Breaking: Core PCE was light at 5.1% YoY v 5.2% expected and in line MoM at +0.5%. Personal Income +0.4% v +0.3% and Personal Spending +0.6% v +0.4%, both topped expectations.
The risk landscape remains fickle, but the Treasury complex responded to equity market weakness upon yesterday’s earnings miss from Amazon. Although Bonds have completely pared the panic surge and then some, it is a bright spot to see the convexity of a risk-off move. In fact, the odds for a 75bps hike from the Federal Reserve next week have eroded to 81%, and the odds for December have flipped to a 50bps hike with better than a 50% probability. We do believe 75bps next week is a foregone conclusion, but the responsiveness to fears of evolving deterioration is an important step to normalizing the historical relationship between stocks and bonds. There is chatter the Fed will use next week to lay the groundwork for slowing the pace of hikes and allowing their work to sink in. The struggles from big tech this earnings season likely helped build a case for slowing the pace of hikes. Additionally, these companies lowered the bar for future quarters. What if this was the worst environment they face? If you take a company like Netflix, one of the first dominoes to fall, they had a surprisingly good quarter.

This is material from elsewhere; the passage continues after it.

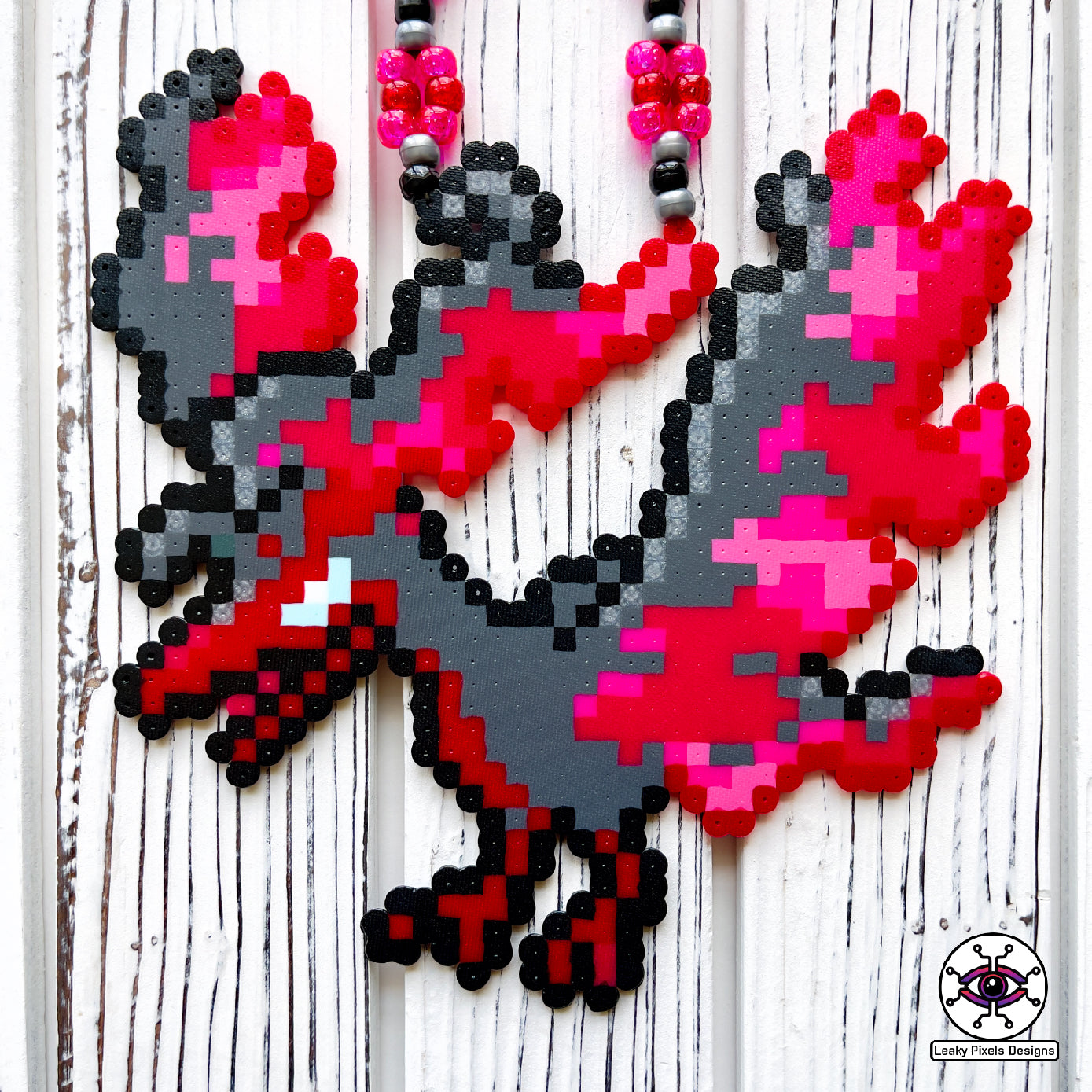 galarian moltres pokemon perler necklace made by leaky pixles. megenta, pink and red legendary bird with fire wings. dark grey body.pink and red glitter pony beads make up the necklace.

Other pandemic darlings like Shopify did too. Next week, we look to PayPal, a former darling but one that has played within a theme of leaders to the downside, now exhibiting significant relative strength in recent months. Not to mention, buybacks and a seasonally bullish time are right around the corner. Without dragging this morning’s note on, what I am getting at is this is a recipe for being in the later innings of a bear market, or at a minimum, the stage is being set for a meaningful rally.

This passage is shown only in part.